In such an environment, the Competitive Intelligence industry flourishes. Beyond straight misrepresentative, some of the less ethical practices in Competitive Intelligence reported in the industry include market research and business intelligence companies posting false job advertisements. Here, they would pretend to be hiring (and paying highly) for client-side staff within experience in a specific product area or industry sector. During the course of the ‘job’ interview, they would seek as much information on the products and business development strategies of the interviewee’s company.
In more extreme examples, there are companies who engage Private Investigators, ex-policemen, and even those in the underworld for more illicit operations including eaves dropping and use extreme cases of misrepresentation.
In researching the Competitive Intelligence topic, the Asia Research Journal came across two quotations that pull at the opposite ends of the argument for and against the practice:
“No legacy is so rich as honesty” (William Shakespeare).

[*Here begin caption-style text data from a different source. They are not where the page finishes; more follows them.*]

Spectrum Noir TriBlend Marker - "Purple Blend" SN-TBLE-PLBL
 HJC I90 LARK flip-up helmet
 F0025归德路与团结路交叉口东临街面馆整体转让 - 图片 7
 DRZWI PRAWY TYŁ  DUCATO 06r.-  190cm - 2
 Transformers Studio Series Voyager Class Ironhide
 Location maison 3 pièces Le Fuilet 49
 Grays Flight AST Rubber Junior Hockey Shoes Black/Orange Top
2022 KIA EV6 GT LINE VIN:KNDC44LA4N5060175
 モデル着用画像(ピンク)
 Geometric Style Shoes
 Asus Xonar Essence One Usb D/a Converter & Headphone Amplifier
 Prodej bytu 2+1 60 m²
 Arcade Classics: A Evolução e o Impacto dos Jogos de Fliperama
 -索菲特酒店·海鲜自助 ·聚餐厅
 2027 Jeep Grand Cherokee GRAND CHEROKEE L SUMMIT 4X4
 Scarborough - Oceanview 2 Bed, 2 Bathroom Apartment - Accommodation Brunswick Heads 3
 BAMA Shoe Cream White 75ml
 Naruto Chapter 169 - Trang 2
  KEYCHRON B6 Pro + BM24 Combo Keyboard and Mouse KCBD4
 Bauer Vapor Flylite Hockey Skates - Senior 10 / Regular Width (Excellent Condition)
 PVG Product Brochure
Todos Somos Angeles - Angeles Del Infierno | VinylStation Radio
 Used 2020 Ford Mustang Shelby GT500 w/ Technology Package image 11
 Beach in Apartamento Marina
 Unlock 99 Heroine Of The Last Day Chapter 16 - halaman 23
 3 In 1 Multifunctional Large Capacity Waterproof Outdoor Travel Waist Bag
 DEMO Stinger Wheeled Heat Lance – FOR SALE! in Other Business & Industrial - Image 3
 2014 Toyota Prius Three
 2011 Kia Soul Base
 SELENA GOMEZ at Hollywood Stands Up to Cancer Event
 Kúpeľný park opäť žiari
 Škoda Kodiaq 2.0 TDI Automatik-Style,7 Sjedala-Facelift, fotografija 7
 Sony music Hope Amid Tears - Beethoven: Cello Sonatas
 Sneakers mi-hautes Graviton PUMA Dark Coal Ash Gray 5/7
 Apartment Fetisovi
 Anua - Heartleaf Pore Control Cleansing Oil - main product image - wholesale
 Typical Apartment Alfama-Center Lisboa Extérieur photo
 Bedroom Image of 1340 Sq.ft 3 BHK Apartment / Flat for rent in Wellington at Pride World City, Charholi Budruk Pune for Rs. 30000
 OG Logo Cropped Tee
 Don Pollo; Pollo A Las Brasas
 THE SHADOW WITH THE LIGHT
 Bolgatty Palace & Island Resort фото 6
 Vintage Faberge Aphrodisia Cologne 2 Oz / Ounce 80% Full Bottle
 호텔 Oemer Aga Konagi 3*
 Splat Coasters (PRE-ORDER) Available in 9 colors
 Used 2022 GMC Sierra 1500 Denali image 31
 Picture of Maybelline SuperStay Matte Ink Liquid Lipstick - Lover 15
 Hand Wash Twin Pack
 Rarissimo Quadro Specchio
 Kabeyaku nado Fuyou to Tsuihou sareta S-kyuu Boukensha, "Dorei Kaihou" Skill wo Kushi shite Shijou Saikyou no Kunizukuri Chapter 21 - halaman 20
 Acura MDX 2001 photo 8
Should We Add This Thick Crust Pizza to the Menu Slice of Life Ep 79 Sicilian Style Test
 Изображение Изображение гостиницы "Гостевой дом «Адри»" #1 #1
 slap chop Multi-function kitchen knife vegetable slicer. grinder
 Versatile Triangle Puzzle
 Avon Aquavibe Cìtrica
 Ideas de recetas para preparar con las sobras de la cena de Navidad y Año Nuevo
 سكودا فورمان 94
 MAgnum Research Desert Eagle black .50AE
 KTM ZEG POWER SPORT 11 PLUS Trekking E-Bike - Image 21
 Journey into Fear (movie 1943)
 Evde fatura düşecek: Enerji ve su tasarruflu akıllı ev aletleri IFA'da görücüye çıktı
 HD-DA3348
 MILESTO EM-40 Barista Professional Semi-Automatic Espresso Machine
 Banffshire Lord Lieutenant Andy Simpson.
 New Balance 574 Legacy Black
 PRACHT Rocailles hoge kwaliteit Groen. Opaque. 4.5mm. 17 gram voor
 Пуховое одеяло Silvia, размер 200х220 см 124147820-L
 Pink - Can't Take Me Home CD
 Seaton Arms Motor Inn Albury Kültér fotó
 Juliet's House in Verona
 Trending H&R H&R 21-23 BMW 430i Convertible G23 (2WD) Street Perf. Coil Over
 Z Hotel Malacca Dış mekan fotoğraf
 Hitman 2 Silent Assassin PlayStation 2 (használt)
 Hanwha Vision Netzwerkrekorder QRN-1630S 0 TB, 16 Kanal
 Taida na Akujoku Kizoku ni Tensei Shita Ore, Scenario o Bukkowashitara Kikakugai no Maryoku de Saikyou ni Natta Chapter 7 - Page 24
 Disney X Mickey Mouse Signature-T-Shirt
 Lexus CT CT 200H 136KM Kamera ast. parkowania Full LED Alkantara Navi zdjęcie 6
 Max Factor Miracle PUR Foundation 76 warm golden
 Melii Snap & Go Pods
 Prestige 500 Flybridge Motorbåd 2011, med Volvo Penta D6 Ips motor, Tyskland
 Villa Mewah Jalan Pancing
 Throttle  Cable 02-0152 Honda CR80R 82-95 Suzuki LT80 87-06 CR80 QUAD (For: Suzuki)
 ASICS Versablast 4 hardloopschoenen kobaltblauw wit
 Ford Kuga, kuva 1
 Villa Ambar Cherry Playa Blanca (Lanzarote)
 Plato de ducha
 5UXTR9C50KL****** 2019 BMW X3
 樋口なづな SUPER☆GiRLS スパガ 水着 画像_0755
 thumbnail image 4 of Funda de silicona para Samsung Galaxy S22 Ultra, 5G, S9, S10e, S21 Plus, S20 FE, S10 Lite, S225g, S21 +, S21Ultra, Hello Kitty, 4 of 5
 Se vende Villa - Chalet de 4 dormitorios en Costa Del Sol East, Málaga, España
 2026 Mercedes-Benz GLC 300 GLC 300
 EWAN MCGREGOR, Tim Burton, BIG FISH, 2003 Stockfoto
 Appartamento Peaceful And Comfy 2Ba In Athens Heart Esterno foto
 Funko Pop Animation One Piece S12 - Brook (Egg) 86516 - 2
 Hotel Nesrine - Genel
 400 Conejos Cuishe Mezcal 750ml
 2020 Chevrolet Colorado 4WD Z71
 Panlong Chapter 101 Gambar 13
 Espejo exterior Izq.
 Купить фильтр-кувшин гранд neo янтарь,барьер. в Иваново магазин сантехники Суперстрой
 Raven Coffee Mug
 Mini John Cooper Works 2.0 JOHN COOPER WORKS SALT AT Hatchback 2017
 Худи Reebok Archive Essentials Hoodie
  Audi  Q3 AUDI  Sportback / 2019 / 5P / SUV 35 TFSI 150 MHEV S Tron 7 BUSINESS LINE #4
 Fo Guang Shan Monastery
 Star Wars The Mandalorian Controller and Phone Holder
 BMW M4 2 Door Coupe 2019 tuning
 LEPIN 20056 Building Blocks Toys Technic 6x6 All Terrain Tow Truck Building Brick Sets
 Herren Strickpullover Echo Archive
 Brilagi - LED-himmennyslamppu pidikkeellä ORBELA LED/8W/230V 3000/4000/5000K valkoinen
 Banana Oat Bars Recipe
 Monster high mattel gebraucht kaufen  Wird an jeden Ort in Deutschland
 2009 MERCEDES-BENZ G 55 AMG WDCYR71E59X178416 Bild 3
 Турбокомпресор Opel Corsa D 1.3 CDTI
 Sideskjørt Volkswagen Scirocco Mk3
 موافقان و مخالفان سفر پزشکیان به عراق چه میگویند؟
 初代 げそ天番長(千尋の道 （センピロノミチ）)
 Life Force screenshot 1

“All’s fair in love, war and business” (Marc Barry*).
*Marc is the author of Spooked: Espionage in Corporate America. His quotation was to justify actions he used to gain competitive intelligence, stating that what he did was not illegal.
Ultimately the commercial pressures on organizations, the lack of legislation and the relatively low risks of getting caught ensure a rosy future for the Competitive Intelligence industry in Asia. How low can you go?